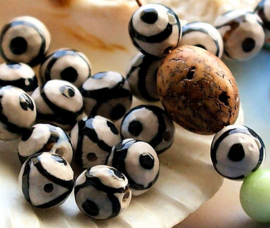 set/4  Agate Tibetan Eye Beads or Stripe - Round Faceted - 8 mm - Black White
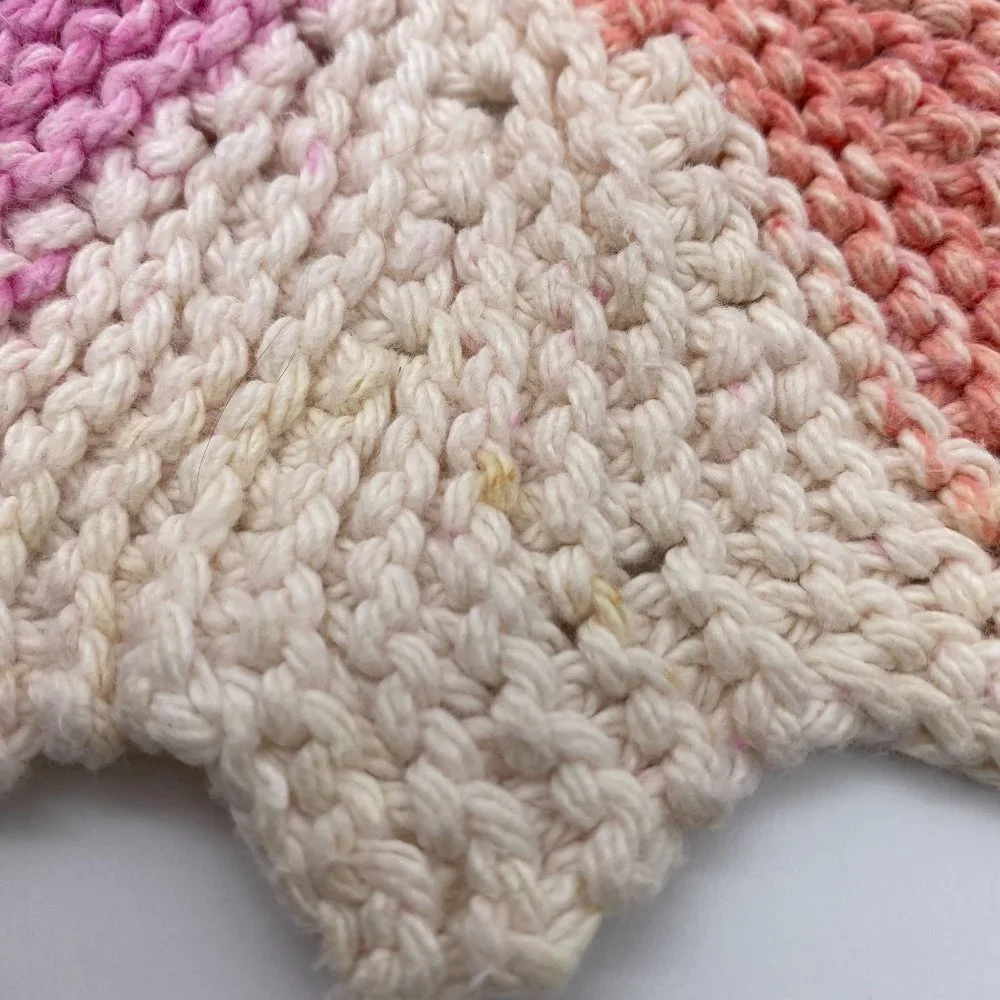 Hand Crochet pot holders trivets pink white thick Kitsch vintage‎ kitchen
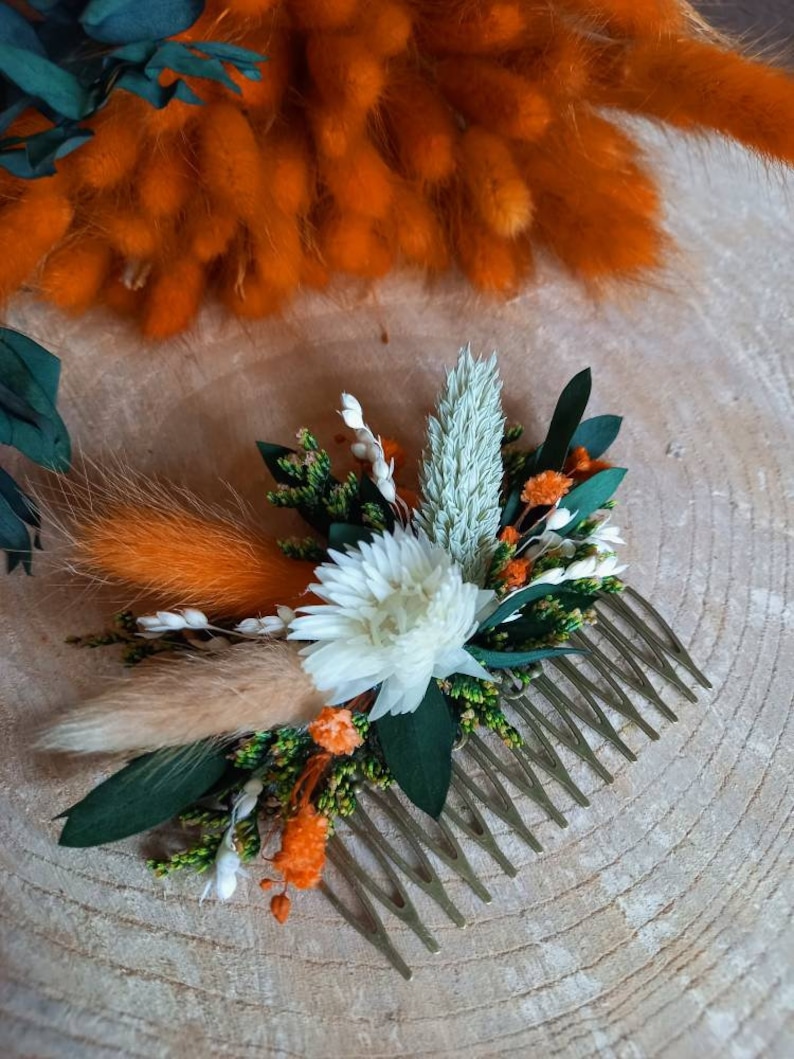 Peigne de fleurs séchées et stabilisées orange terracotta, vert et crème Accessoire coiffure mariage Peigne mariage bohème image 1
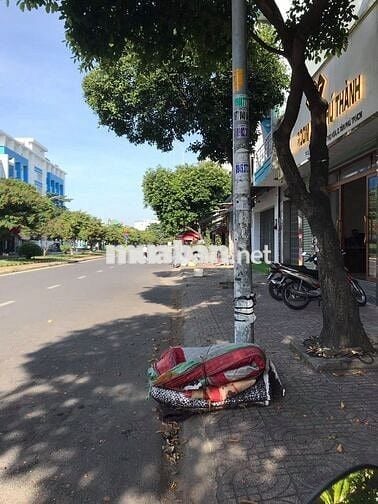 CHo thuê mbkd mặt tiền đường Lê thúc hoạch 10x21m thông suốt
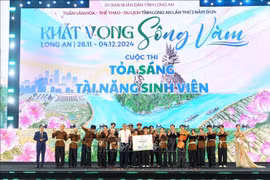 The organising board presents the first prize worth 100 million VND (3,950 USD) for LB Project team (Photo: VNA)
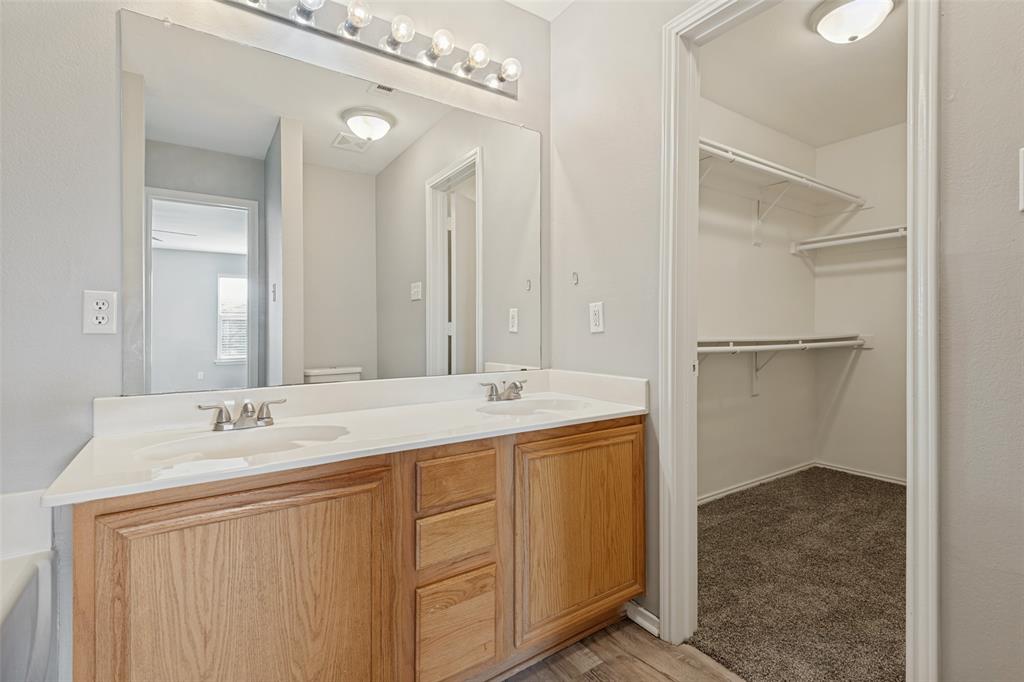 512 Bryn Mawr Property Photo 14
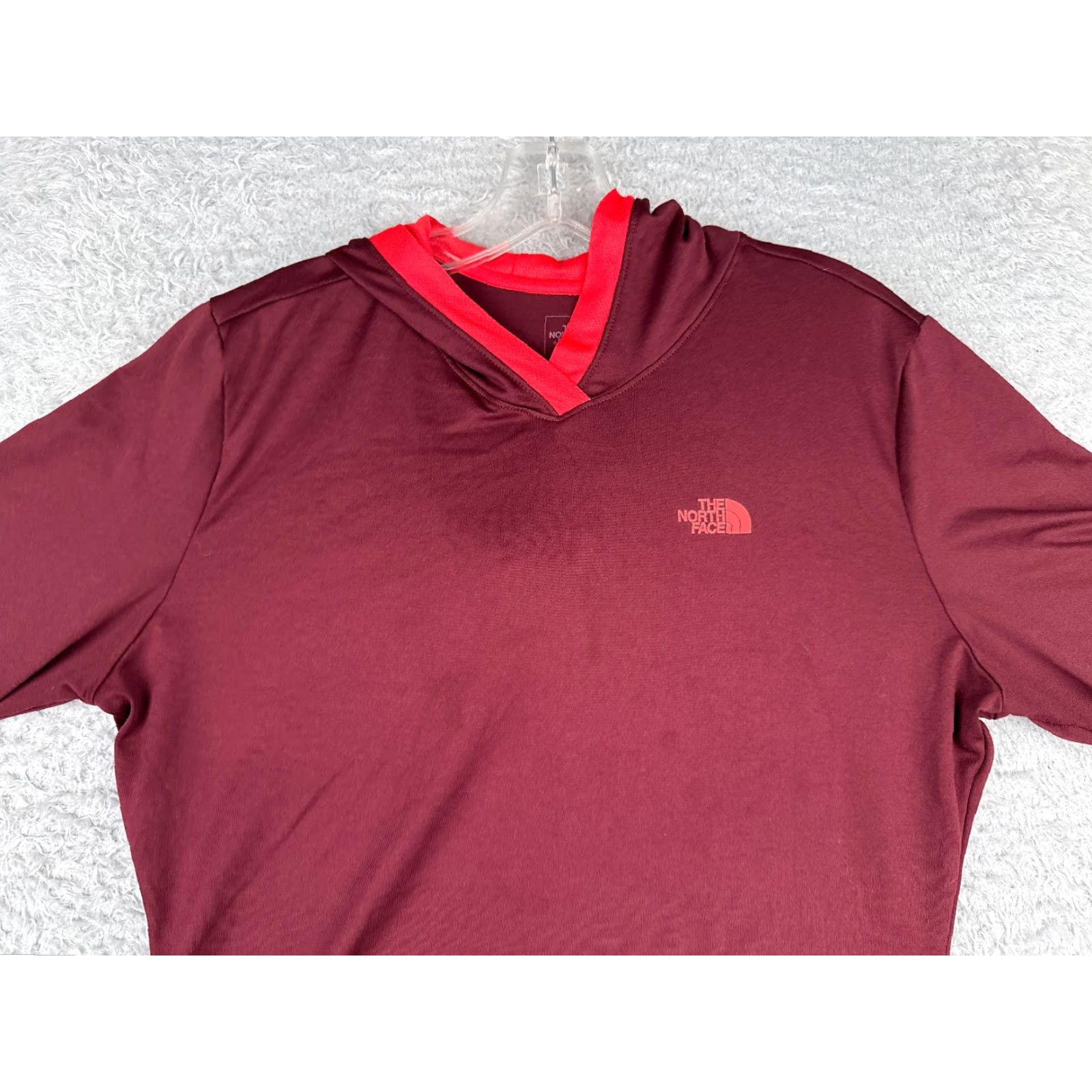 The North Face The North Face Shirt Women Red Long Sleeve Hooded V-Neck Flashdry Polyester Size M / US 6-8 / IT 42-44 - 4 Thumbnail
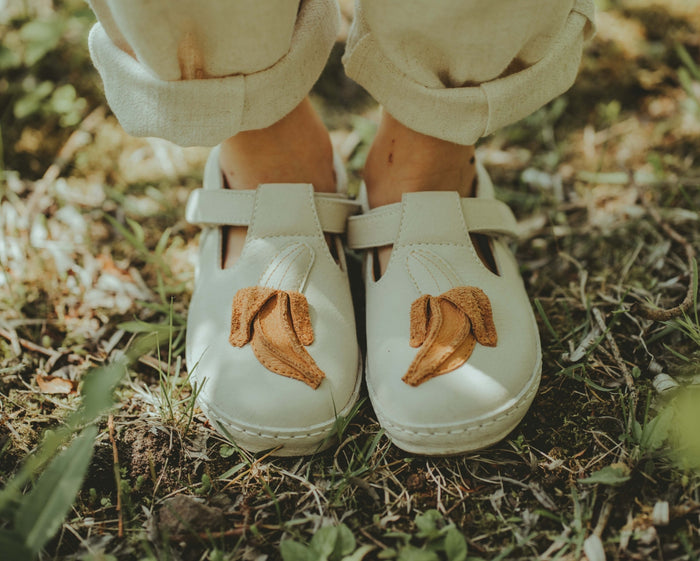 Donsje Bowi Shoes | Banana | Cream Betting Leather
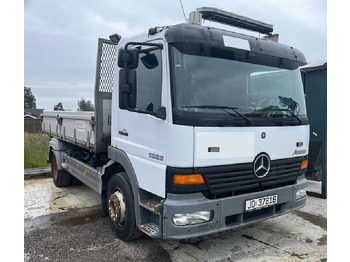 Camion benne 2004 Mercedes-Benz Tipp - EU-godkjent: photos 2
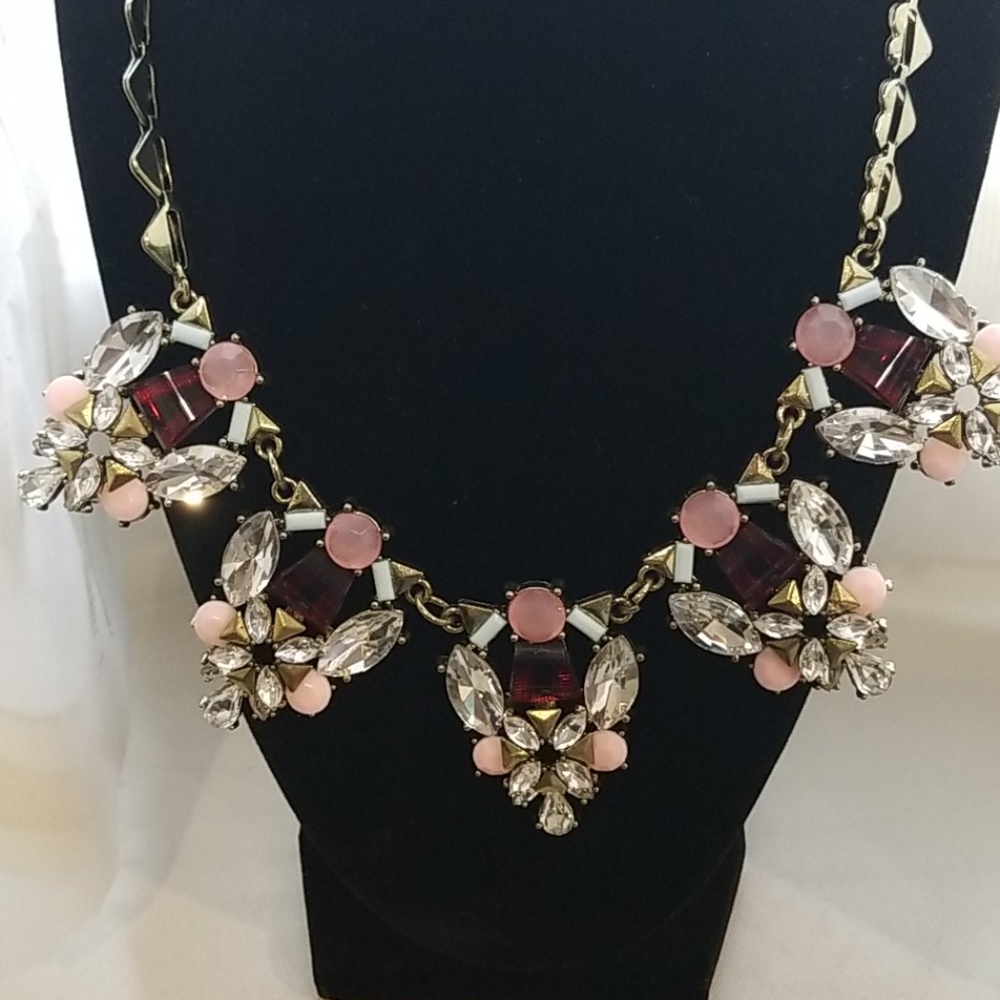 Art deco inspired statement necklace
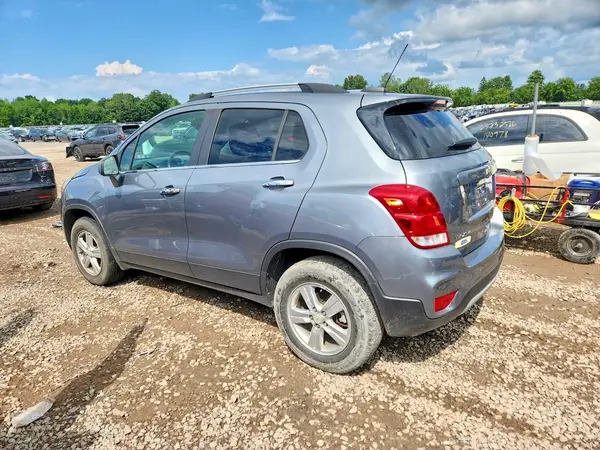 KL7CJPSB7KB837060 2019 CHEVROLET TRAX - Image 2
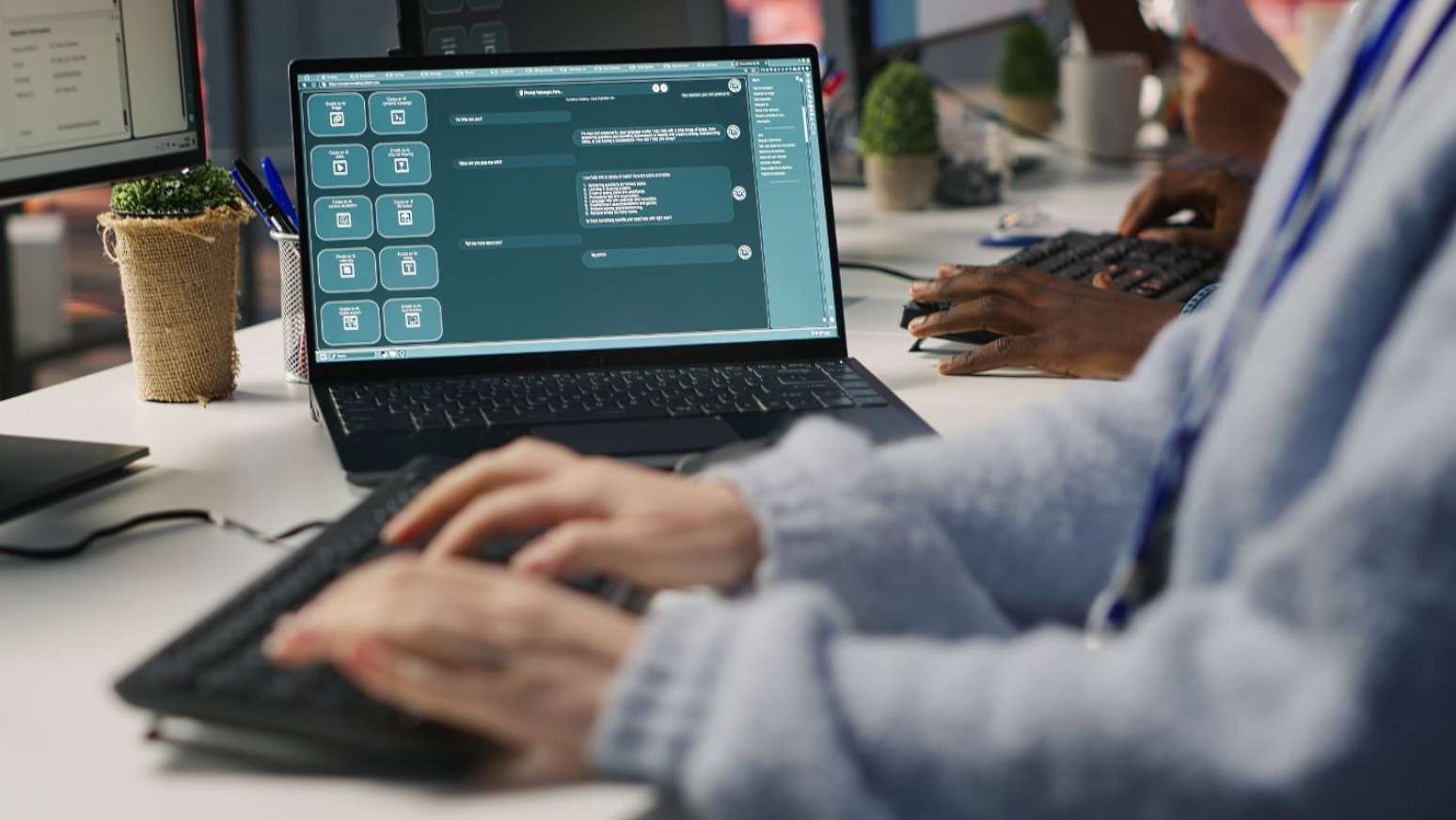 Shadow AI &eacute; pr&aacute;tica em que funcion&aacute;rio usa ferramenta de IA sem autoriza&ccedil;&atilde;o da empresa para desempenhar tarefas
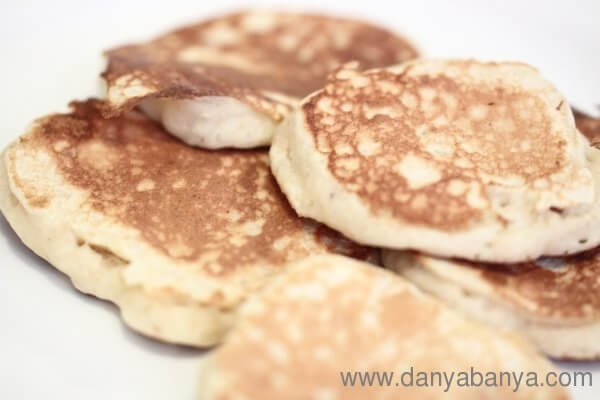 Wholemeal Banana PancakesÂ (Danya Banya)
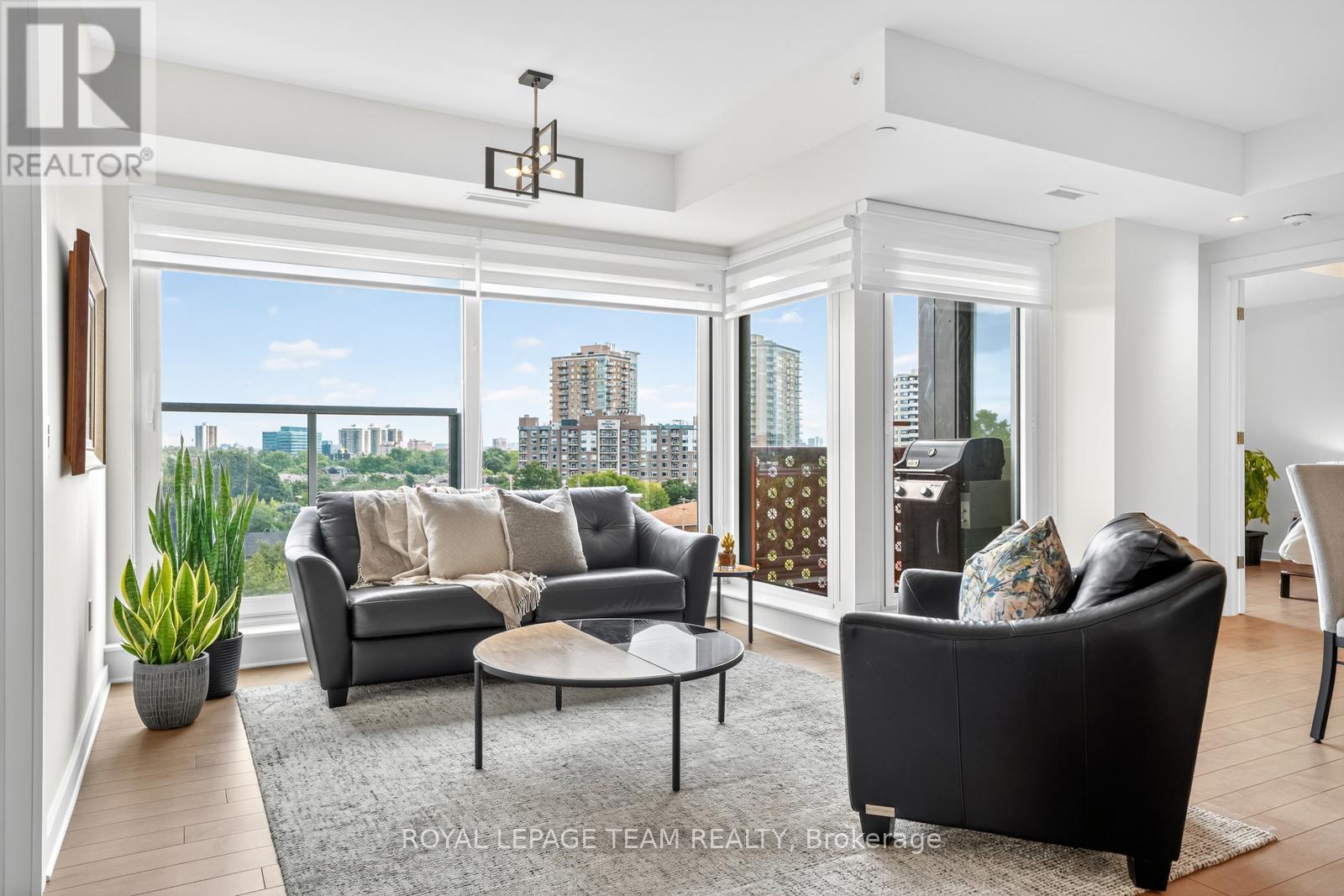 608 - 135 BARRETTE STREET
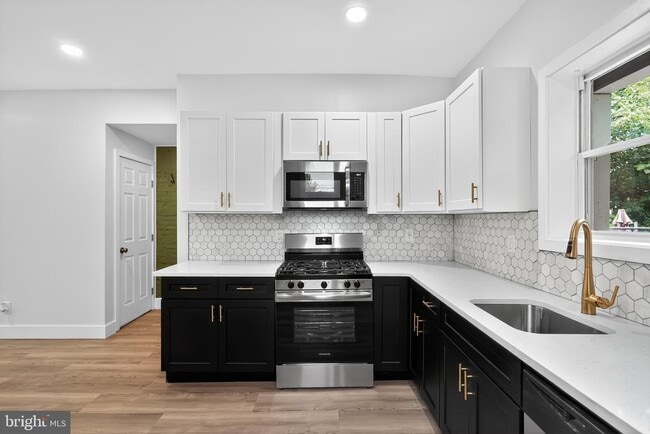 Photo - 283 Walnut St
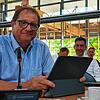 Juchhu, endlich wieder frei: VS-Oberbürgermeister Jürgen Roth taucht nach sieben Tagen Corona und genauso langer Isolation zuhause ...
====================
PROBLEM STATEMENT
Pictures aside, write out all of the records exactly.

COMPLETED TASK
 set/4  Agate Tibetan Eye Beads or Stripe - Round Faceted - 8 mm - Black White
 Hand Crochet pot holders trivets pink white thick Kitsch vintage‎ kitchen
 Peigne de fleurs séchées et stabilisées orange terracotta, vert et crème Accessoire coiffure mariage Peigne mariage bohème image 1
 CHo thuê mbkd mặt tiền đường Lê thúc hoạch 10x21m thông suốt
 The organising board presents the first prize worth 100 million VND (3,950 USD) for LB Project team (Photo: VNA)
 512 Bryn Mawr Property Photo 14
 The North Face The North Face Shirt Women Red Long Sleeve Hooded V-Neck Flashdry Polyester Size M / US 6-8 / IT 42-44 - 4 Thumbnail
 Donsje Bowi Shoes | Banana | Cream Betting Leather
 Camion benne 2004 Mercedes-Benz Tipp - EU-godkjent: photos 2
 Art deco inspired statement necklace
 KL7CJPSB7KB837060 2019 CHEVROLET TRAX - Image 2
 Shadow AI &eacute; pr&aacute;tica em que funcion&aacute;rio usa ferramenta de IA sem autoriza&ccedil;&atilde;o da empresa para desempenhar tarefas
 Wholemeal Banana PancakesÂ (Danya Banya)
 608 - 135 BARRETTE STREET
 Photo - 283 Walnut St
 Juchhu, endlich wieder frei: VS-Oberbürgermeister Jürgen Roth taucht nach sieben Tagen Corona und genauso langer Isolation zuhause ...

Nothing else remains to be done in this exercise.